The great longbow archer Howard Hill called this "split vision aiming" because he didn't completely shoot "instinctive". He said with him it was really a mix. I think that's true with all "reflexive" (instinctive) activities like golf, tennis, baseball hitting and pitching. It takes lots of practice and a few learned skills. The main thing is to enjoy the process of learning and shooting!!! 


*Aim small, miss small! *
Perry


----------



## Dayhiker (Mar 13, 2010)

Thanks, Perry. Some of us need all the advise we can get.


----------



## harpersgrace (Jan 28, 2010)

I'm a expert in the point and pray method.


----------



## joseph_curwen (Feb 8, 2010)

I shoot the same way as Perry does.

And i am shooting the same way with a recurve bow, with good results









Every body can do it, but it needs lot and lot of practice.


----------



## Brooklyn00003 (Feb 28, 2010)

harpersgrace said:


> I'm a expert in the point and pray method.


Hehe , Thats a good one!


----------



## hawk2009 (Dec 30, 2009)

yes I shoot that way also the push pull and flip,I look at the target but I dont use the fork to aim momentarilly, I use the tubes as mine are fixed two on each side of the fork I take the top tubes and sight directly between them to give me the line and shoot about four inches above the fork from a distance of 33 feet.I to usually shoot at very small targets it needs alot more concentration than hitting a can.


----------



## Tex-Shooter (Dec 17, 2009)

All of my forks are designed so when shooting with one fork tip directly above the other, the corner of the top tip is the sight at about 30 feet when I lock under my cheek bone. When I wing shoot or instinctive shoot I hold the fork the same way, but I draw further back behind my ear and concentrate on the target. See my small avatar picture. -- Tex


----------



## dgui (Jan 12, 2010)

Perry, your exlanation is right on. I have forced myself to try all the methods thinking I was missing something because I was missing too much. When I reverted back to my child hood years of shooting without aiming I was then able to somewhat retrain my brain in this style that some find is more hits. The brain will automatically adjust what you see and after a while you can hit most anything. But some of us must aim. I have tried fork aiming and I lost a fingernail because of it so in the midst of weeping and cursing I decided to do it in a way that my body will allow for. Now I can hit most anything at 30 feet with no aim. I like to practice with targets the size of bottle caps at 30 feet or less. My draw is 58 inches with my arm fully extended but I have found something out about not extending the arm all the way, If I pull my slingshot arm in up to half way my accuracy for some reason improves on smaller objects sort of fine tunes things for me.

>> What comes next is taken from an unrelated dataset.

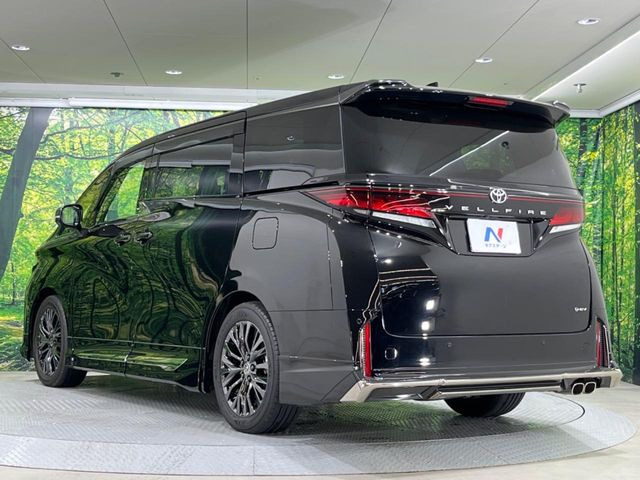 高透明度のガラス皮膜で撥水はもちろん、上質なツヤ・光沢を実現。紫外線や酸性雨から大切な愛車を保護し、色あせ・劣化を防止。「弾スプラッシュコート」、「弾プリミッサコート」からお選びいただけます。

Perhaps someone out there could give a reason why this would happen. I would add, whatever works for you.


----------



## Deimos (Dec 24, 2009)

smaller targets, I aim for by drawing from the corner of my mouth, and putting the top edge of the rubber on the target.
I can hit targets 4,5cm in diameter from 10 meters away for most of the time now, i'd say about 75% hitrate when i'm focussed.

bigger targets (10 cm and up) I can hit instinctively, or by muscle memory, dunno, really, I just draw and release when it feels right


----------



## pelleteer (Dec 19, 2009)

I too am a split vision shooter, both with bows and slingshots, though my release isn't as instantaneous as old Howard's was (that dude was simply superhuman with the bow and arrow).


----------



## Performance Catapults (Feb 3, 2010)

pallan65 said:


> Instinctive shooting requires shooting lots and lots of ammo, and shoot it often enough that it stays apart of your mental/physical connection.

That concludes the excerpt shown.